遭遇したのはのり子と。「変態笛泥棒」の呼称が(唯一)使われた回である。
前回の後も小鉄のクラスに人知れず侵入していたようで、ある日に教室後ろの掃除用具入れの後ろに隠れていたところを小鉄に目撃されるも特に何かされることもなくそのまま見逃される。
その話が出た日に涙が確認したが、足跡があるだけであった。

それから放課後、宿題をやって帰ると言って教室に残っていたのり子の前に突如現れ、のり子が以前遭遇した二人の女の子うちのそれほど可愛くない方片割れだと気づき以前やったブリっ子アピールを要求する。
のり子は前回と違って一人だったためか怖気づいて涙目になってしまい要求にもしぶしぶ従ってやってあげたが「やっぱりもう一人の方が全然可愛い」と評されてしまった。
改めて笛を要求したところ、わけあって後ろの棚の中でふてくされた末寝てしまっていた涙が登場、状況を把握した涙にあかねの笛を渡され「エポー」くっそキモく喜び(?)吹きまくり、のり子と涙はスキを突いて校舎からの脱出に成功する。
しかし渡された笛はあかねではなく小鉄のもの(しかも数時間前におならで吹かしたもの)であり、笛泥棒がいる教室に校舎の壁をよじ上って近づいてくる大巨人の姿があった……。
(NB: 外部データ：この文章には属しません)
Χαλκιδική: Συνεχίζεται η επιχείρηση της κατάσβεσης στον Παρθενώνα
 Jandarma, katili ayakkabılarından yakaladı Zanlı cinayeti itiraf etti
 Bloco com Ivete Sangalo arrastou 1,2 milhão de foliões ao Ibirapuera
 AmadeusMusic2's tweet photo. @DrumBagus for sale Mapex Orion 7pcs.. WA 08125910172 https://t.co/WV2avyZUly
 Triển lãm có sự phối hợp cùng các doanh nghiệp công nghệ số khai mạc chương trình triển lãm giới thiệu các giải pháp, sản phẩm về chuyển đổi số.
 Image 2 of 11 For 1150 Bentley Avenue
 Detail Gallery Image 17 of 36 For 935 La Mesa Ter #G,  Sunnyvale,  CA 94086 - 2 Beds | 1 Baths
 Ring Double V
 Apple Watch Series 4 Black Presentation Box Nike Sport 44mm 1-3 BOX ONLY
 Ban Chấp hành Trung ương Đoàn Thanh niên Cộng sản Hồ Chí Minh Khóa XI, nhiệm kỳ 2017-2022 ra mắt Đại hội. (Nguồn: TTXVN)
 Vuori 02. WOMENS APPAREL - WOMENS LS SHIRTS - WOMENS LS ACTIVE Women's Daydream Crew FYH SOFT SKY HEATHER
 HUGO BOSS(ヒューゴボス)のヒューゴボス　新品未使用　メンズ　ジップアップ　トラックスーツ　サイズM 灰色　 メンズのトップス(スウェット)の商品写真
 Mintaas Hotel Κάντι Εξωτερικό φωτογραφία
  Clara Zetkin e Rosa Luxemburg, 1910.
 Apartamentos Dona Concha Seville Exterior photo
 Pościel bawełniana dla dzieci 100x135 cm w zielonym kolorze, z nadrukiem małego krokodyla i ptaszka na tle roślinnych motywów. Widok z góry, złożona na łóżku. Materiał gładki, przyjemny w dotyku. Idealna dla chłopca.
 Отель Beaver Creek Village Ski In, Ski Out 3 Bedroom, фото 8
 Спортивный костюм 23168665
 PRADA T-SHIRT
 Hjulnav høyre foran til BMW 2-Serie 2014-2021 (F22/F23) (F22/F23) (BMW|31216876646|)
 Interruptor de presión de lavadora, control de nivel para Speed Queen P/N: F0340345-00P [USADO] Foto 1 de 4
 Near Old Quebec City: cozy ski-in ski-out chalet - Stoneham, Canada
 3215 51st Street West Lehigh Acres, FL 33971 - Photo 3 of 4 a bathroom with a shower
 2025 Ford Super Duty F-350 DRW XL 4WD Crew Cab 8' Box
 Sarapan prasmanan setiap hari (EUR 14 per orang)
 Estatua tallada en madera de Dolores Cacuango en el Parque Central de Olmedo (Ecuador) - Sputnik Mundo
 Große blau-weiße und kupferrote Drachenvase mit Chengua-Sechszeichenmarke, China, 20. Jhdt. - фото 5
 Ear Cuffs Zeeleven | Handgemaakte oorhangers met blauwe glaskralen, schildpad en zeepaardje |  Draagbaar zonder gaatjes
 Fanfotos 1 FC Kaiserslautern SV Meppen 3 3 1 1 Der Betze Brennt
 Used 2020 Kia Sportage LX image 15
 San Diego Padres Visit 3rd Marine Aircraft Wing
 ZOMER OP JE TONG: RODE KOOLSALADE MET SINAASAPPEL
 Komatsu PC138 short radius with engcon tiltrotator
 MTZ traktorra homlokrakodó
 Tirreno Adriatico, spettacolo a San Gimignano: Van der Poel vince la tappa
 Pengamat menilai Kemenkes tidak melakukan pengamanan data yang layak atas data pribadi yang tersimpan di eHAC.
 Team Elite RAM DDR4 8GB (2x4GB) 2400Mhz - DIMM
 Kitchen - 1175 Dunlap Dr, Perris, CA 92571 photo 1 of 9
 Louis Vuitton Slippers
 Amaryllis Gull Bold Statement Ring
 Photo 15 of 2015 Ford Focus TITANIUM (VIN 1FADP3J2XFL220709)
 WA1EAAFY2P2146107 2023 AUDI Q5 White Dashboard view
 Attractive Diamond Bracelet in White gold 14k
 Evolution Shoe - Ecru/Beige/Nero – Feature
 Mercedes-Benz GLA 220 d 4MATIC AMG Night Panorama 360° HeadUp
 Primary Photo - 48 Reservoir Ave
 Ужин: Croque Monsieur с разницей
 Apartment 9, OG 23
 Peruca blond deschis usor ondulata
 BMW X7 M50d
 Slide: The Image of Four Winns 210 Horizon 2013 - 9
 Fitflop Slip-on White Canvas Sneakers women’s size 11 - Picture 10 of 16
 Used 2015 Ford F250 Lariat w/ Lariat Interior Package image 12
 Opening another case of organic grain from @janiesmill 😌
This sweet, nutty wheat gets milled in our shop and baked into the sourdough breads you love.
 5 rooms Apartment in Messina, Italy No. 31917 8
大巨人は小鉄の笛を吹いた者に従うため笛泥棒が大巨人に攻撃された可能性は低く、二人がどうなったかは誰にもわからない。
なお涙が用具入れの後ろを確認した後の数コマをよく見ると用具入れに接した方の教室の戸が少し開き笛泥棒が入っていく様子がさりげなく描かれている。

◆154キンポ「ちぐはぐラバーソール」(11巻収録)

わけあってのり子が靴を脱いで裸足で通学路を歩く中、そばの壁に向かって立ちションをしている人物が1コマだけ描かれている。
顔はわからず頭にも帽子を被っているので笛泥棒かどうかは不明だが、後髪の描かれ方や服装、体型が一致するため大方の読者からは笛泥棒であると認識されている。

◆184キンポ「ナツ・ヤス&ミー」(13巻収録)

遭遇したのは勇子、のり子、中田(田中)。(明確に対面したのは勇子のみ)
76キンポ同様、メインでの扱いではなく、様々な人物のパートが描かれるうちの勇子の視点のパートで登場する。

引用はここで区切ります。